### Task prompt
Where does the word "House" show up in the records? Copy every line that holds it.

### Data extract
______
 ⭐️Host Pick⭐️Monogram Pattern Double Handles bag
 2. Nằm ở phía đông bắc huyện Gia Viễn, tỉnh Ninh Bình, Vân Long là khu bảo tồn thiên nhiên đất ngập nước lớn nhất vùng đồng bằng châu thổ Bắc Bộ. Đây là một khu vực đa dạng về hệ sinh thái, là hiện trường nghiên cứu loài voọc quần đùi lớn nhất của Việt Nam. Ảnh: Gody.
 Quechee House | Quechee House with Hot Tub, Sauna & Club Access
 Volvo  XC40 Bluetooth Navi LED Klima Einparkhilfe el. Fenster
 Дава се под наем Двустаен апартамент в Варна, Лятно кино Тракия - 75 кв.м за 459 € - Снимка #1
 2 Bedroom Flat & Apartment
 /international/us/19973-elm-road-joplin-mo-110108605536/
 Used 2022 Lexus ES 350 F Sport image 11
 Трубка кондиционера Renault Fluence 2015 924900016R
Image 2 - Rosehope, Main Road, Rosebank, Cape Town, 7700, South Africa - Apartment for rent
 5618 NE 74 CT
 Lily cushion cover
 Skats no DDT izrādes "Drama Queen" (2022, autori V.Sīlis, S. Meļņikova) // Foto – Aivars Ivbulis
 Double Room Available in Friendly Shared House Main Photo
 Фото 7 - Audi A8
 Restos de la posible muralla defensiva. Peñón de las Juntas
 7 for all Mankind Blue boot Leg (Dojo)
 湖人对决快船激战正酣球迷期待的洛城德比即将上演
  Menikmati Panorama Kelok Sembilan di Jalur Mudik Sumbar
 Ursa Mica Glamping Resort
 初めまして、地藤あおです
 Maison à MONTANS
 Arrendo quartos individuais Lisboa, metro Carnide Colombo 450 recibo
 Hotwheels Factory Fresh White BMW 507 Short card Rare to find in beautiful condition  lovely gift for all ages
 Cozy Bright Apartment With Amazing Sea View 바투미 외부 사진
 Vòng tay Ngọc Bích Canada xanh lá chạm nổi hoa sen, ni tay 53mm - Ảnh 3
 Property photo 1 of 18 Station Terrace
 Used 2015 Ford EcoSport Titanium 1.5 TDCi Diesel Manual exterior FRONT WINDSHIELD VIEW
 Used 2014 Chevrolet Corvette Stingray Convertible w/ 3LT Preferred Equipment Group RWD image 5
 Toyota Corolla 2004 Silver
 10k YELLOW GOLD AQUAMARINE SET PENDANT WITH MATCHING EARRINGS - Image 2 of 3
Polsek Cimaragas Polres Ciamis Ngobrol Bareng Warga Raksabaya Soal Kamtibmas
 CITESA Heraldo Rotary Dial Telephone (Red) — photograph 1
______
### Solution to the problem
 Quechee House | Quechee House with Hot Tub, Sauna & Club Access
 Double Room Available in Friendly Shared House Main Photo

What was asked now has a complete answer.